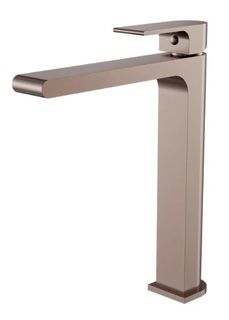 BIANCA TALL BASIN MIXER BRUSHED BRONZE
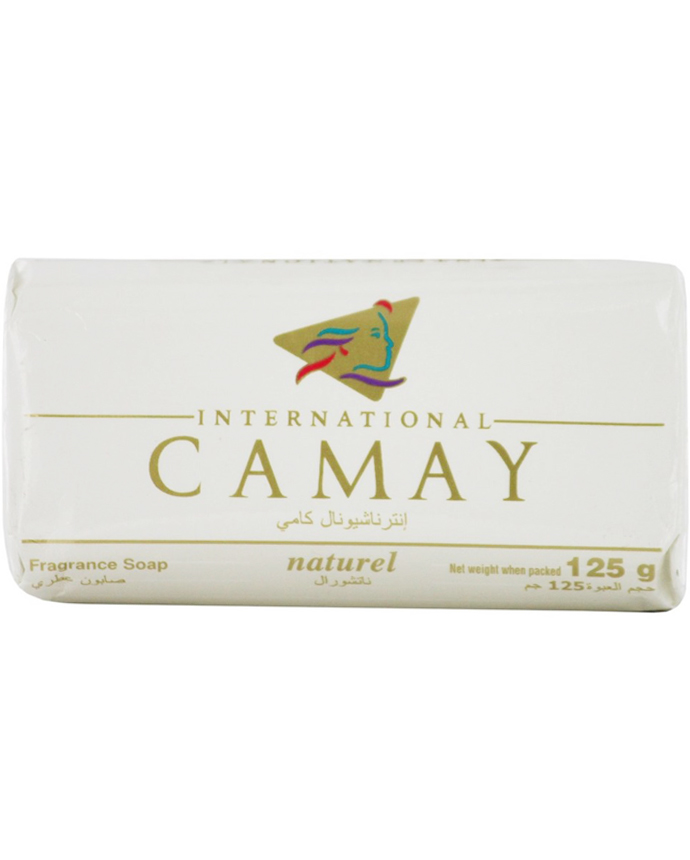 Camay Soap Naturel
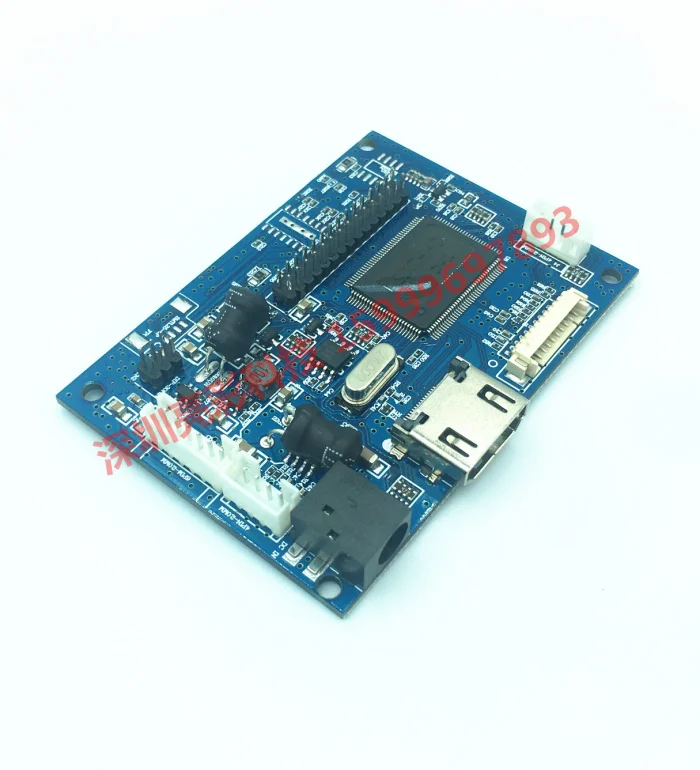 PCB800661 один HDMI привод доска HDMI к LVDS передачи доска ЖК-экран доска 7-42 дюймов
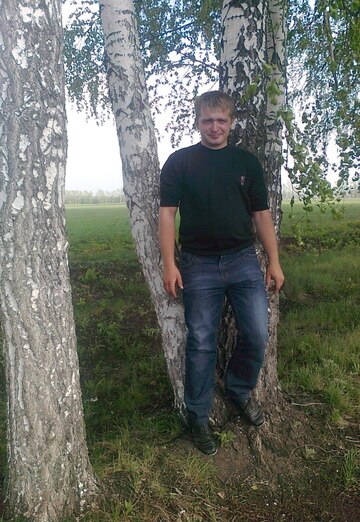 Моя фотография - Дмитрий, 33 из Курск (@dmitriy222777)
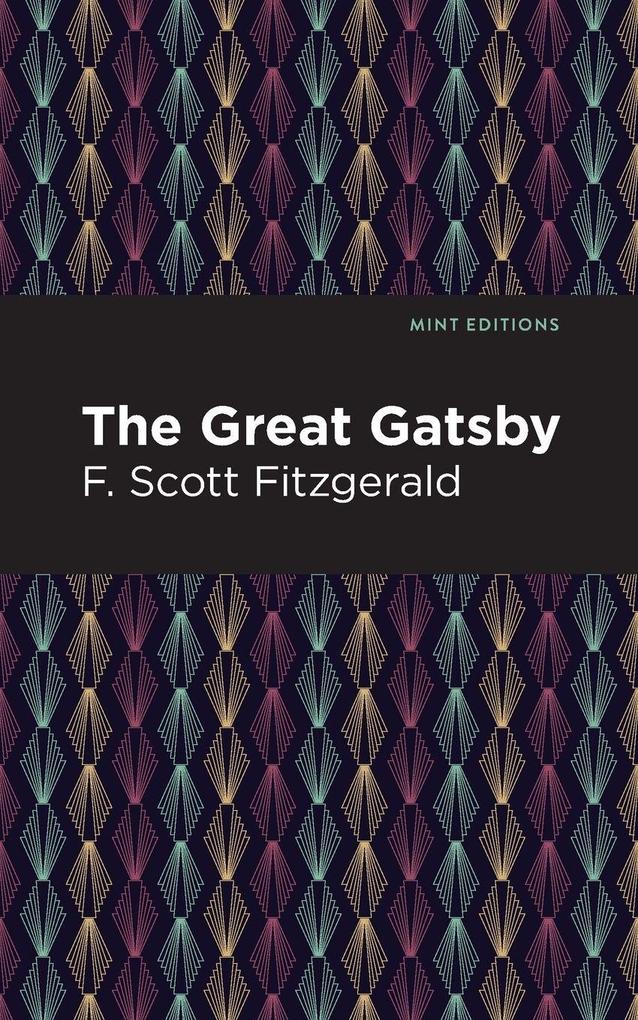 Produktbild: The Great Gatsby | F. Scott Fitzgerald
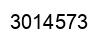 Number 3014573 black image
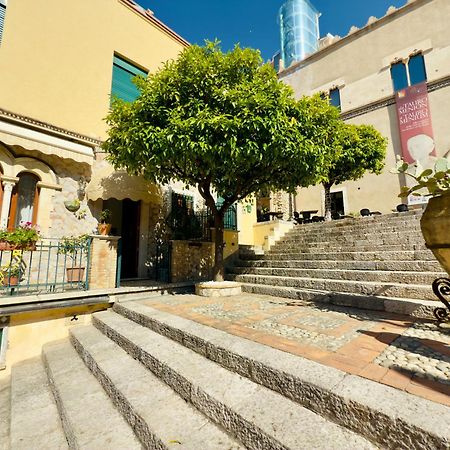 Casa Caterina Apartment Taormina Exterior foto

...

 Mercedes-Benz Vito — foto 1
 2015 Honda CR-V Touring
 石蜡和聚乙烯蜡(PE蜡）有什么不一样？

* * *

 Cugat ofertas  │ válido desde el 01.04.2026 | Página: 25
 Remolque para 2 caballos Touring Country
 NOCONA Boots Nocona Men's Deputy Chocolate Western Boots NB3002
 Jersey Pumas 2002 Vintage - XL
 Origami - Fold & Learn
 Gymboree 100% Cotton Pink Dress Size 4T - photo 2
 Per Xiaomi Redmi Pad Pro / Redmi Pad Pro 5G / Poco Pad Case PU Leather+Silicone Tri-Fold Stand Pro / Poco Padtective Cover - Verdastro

> ASSIGNED TASK
Scan the entries above for the string "Fold", and copy every line where it turns up.

> REPLY
 Origami - Fold & Learn
 Per Xiaomi Redmi Pad Pro / Redmi Pad Pro 5G / Poco Pad Case PU Leather+Silicone Tri-Fold Stand Pro / Poco Padtective Cover - Verdastro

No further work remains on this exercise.